Figure 1

Experimental infection, parasite isolation, and RNA preparation. A) Immunofluorescence assay using sheep immune serum against T. gondii revealed numerous infected enterocytes. Nuclei are counterstained with DAPI. Shown in the top panel is a 20x magnification of a section of the small intestine (bar = 100 μM) where villi are visible. The bottom panel at 100x magnification shows a schizont containing several merozoites (scale bar = 5 μm). B) Enterocytes containing CZ-strain merozoite stages were stripped away selectively, leaving the villus structure and the cells of the lamina propria intact. Histology section (Hematoxilin & Eosin stained) showing stripped villi at day 5 post infection. C) Microscopic examination of parasites in the detergent washed preparation showed only merozoite stages. D) Quality control of total RNA extracted from parasite preparations separated on an Agilent RNA 6000 Pico Chip.
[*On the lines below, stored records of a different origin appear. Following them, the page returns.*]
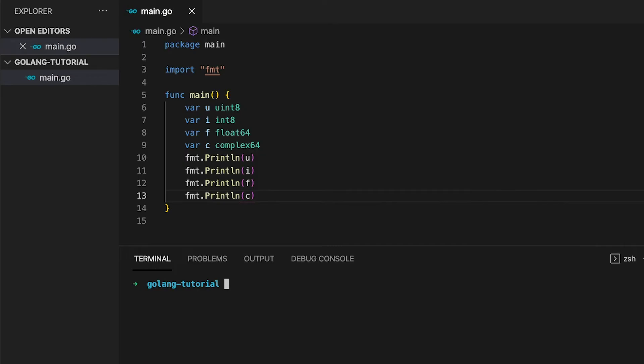As for the zero values of numeric types, it is always the number 0. So no matter if you declare a new int, a float64, or even a complex number, the value is always 0.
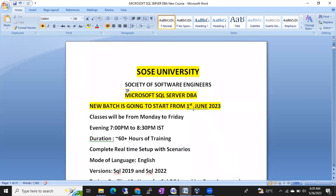To summarize: we are starting a new batch from 1st June 2023 onwards. Classes will be on weekdays — Monday to Friday, evening 7 to 8:30 PM IST. Thank you so much.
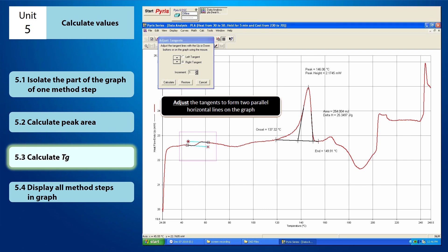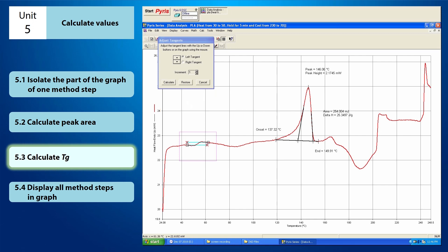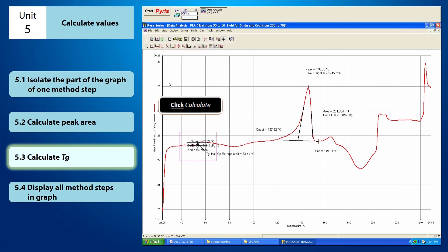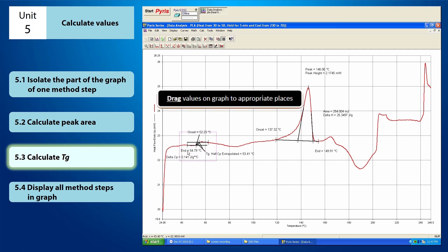From here, you need to adjust the tangents to form two parallel lines on the graph like this. Now you can just click Calculate. The values of the calculation will appear nearby the TG. You can drag the values to the appropriate places.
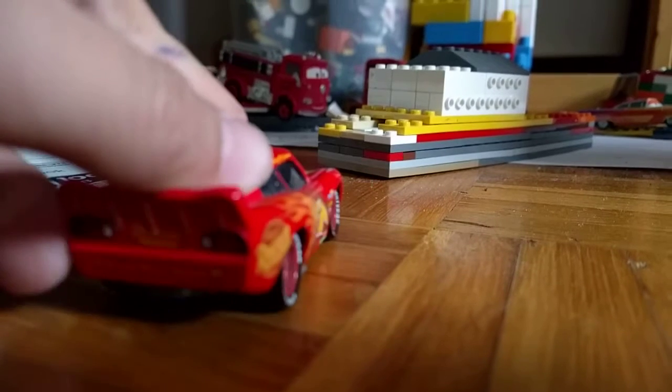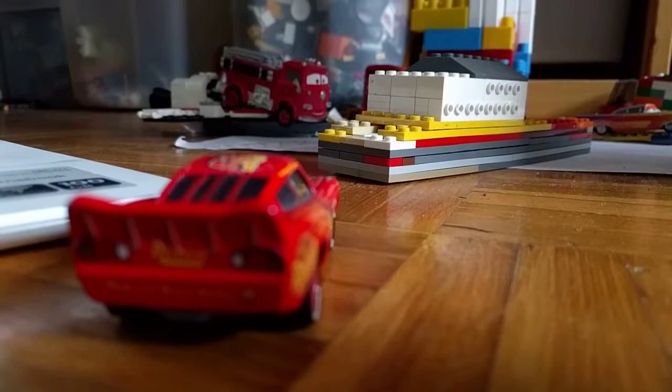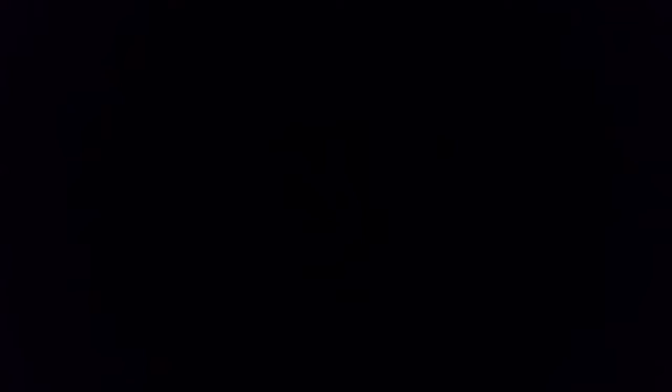Whoa. Look at that play. McQueen and the rest of the team from Radiator Springs. Although the Piston Cup racers are after him.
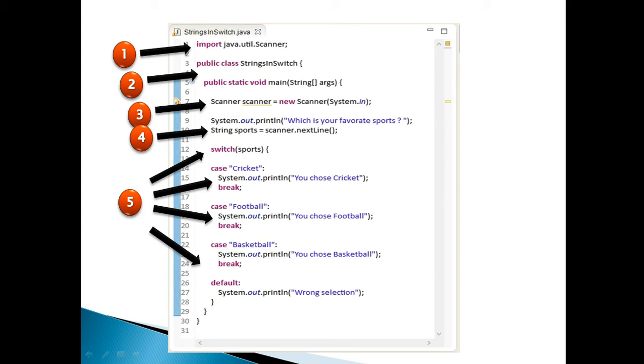Here scanner class will read values from the console which user enters. It takes help of system.in, which is an input stream which listens to Java console. This input stream helps scanner class to read user inputs from the console.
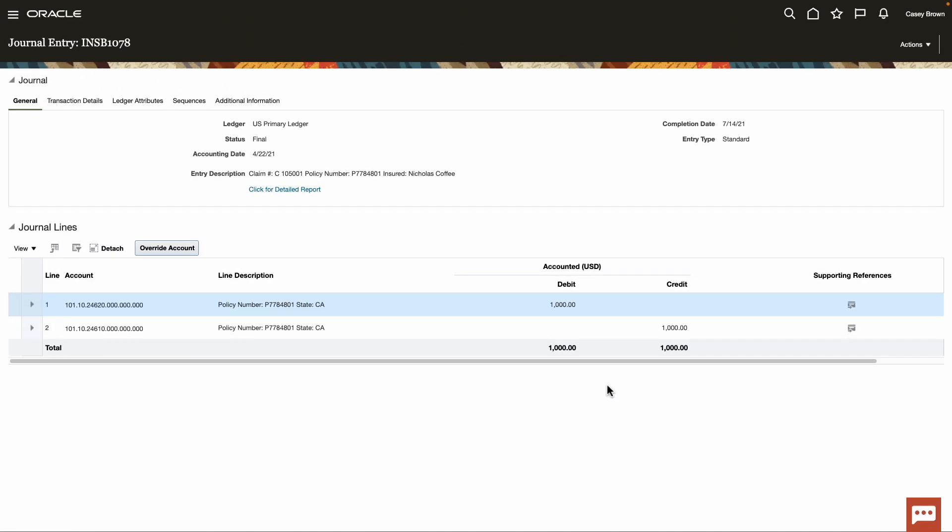With this, we conclude our demo on how Oracle Analytics can enable anyone to analyze anomalies from a bird's eye view right down to granular level details for your insurance business.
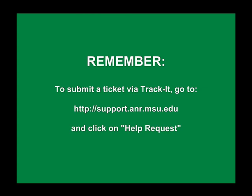Remember, to submit a ticket via TrackIt, go to support.anr.msu.edu and click on Help Requests. You can reach us at 223-5D. Thank you.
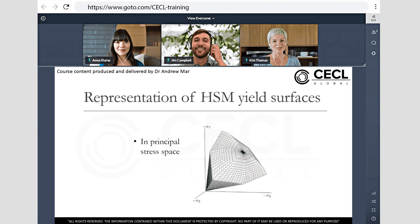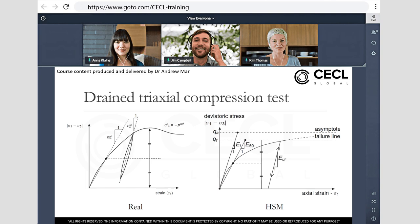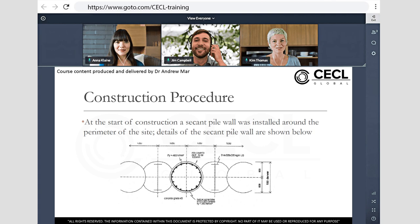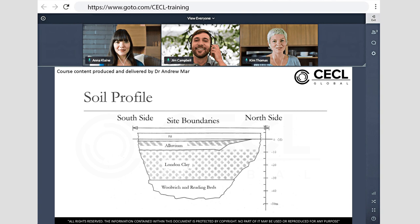The virtual classroom environment is a highly cost and time effective way to deliver high caliber training to your team. We have structured each module to provide a balanced mixture of essential theory and real world applications. Practical hands-on computer workshops are integrated to each session to ensure full engagement with every virtual delegate.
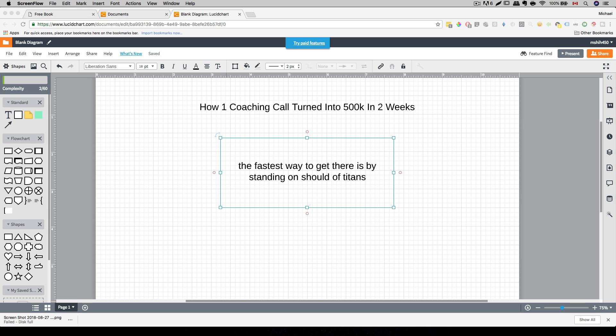This allows us to see further, make less mistakes, and most importantly, they can see our potential we can't see ourselves. The human mind is powerful. It allows us to go past the limit we don't even believe it's there. However, subconsciously, we set limits that are safe because we are programmed to protect ourselves from failure. That is why our coach can help us push past that limit and show us what's possible.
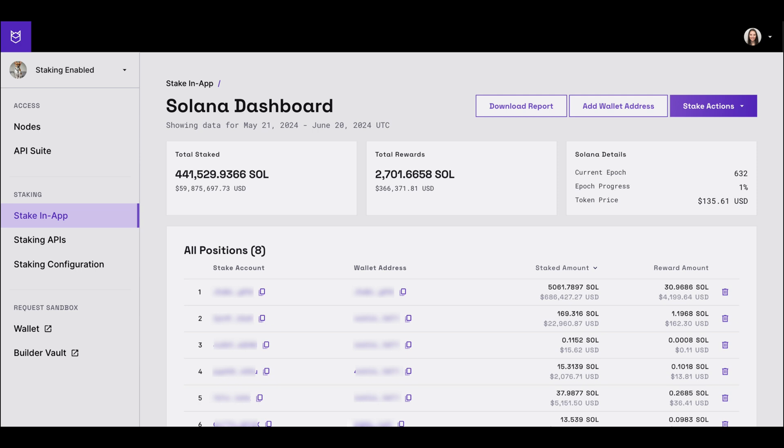And that's it. You're now equipped to stake Solana via Wallet Connect, fully understanding the process from start to finish.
The bands generated by host 28S/18S ribosomal RNA (arrowheads) and parasite 26S/18S ribosomal RNA (arrows) as well as a size marker are indicated. The samples analyzed were: raw, unprocessed material from scraped intestinal lining; Tween 80, material that was syringe-passaged and washed twice with PBS/0.05% Tween 80; Percoll, highly enriched parasite fraction after detergent treatment and Percoll gradient centrifugation; Tachy, RNA prepared from tachyzoites grown in cell culture with human foreskin fibroblasts as host cells.